Creator's Statement
Visual Disturbances is an essay film that proposes a new concept of film style, what I call the Invisible Cinema. Unlike Hollywood classical style, which gently guides the audience’s gaze towards important narrative details, the Invisible Cinema features characters and objects that audiences fail to see--even if these characters or objects are in plain sight.
Visual Disturbances uses psychologists Dan Simons and Christopher Chabris’ concepts of inattentional blindness and change blindness to explore how audiences perceive and mis-perceive cinematic images. Moreover, this work suggests that filmmakers across film history have intentionally utilized the Invisible Cinema as a stylistic option.

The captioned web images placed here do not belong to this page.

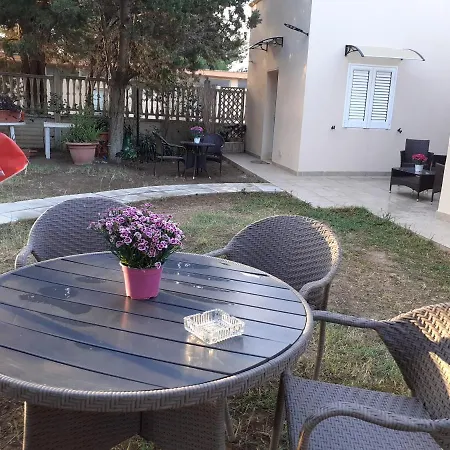 Apartment La *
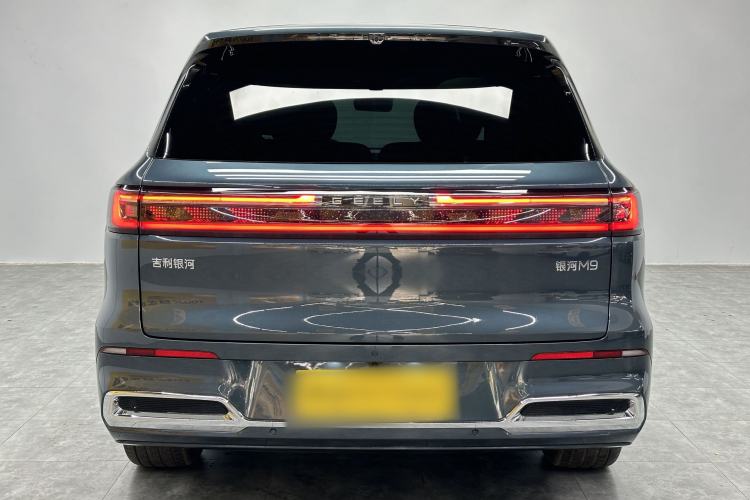 Used Geely Galaxy M9 2025 Model 210km Four-Wheel-Drive Leading Edition Exterior 6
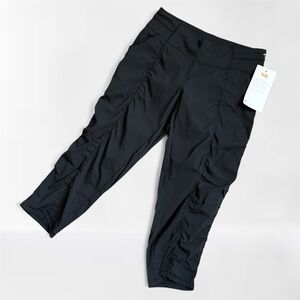 Lucy Get Going Capri in Black Small NWT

In particular, this project focuses on the French filmmaker Jacques Tati and how his films purposely betray our perception. To reveal this hidden film style, Visual Disturbances uses a variety of quantitative and qualitative methods. In particular, I wanted to demonstrate how several research methods can align to support an argument. Thus, this film mixed audience focus groups with historical and industrial research, original filmed material combined with formal analysis of existing films as well as cutting edge eye-tracking visualizations.
In part, this work exists as a film essay because I wanted to raise the bar of videographic criticism. For instance, many videographic works illustrate existing concepts; this work, however, introduces a new concept to Film/Media Studies. Moreover, I wanted to show how videographic criticism can incorporate a broad range of methods rather than relying on a single mode.
However, what really drove this project’s form was my deep dissatisfaction with written research on Jacques Tati. While I have taught Tati’s films for many years, I was never happy with the readings that I assigned to accompany his films. Numerous books and articles by exceptional scholars and critics certainly expanded my knowledge on Tati’s films but they never quite “captured” exactly what interested me in his work. I realized, however, that it wasn’t so much the scholarship’s content that was lacking but the form. Put simply, analyzing Tati’s films via writing cannot fully capture nor communicate what makes his visual style unique. Thus to expand the scholarship on Tati, I had to change platforms by moving from traditional academic writing to videographic criticism.
Admittedly, this expansion requires significant labor far beyond the typical domain of writing a journal article or an academic monograph. Visual Disturbances required a large amount of research and collaboration with colleagues in a variety of departments. The project also, of course, produced a written document in the form of an essayistic screenplay that textually detailed the project but also provided a blueprint for the work’s visual and sonic design--the form in which text, voice, film excerpts, annotations, quotes, stills, music, and sound effects are rhetorically edited, layered, and mixed to produce a visual argument.
The additional labor put into Visual Disturbances pays dividends in two significant ways. First, Visual Disturbances’ form produces additional knowledge and insights that cannot be as easily achieved in traditional written scholarship. And second, Visual Disturbances is meant to be seen and shared. Videographic criticism is viral in nature and unlike the academic journal article or book, Visual Disturbances is designed to breakout of the academy and extend Film/Media scholarship into the public sphere.
Bio
Eric S. Faden is an Associate Professor of Film/Media Studies at Bucknell University in Pennsylvania.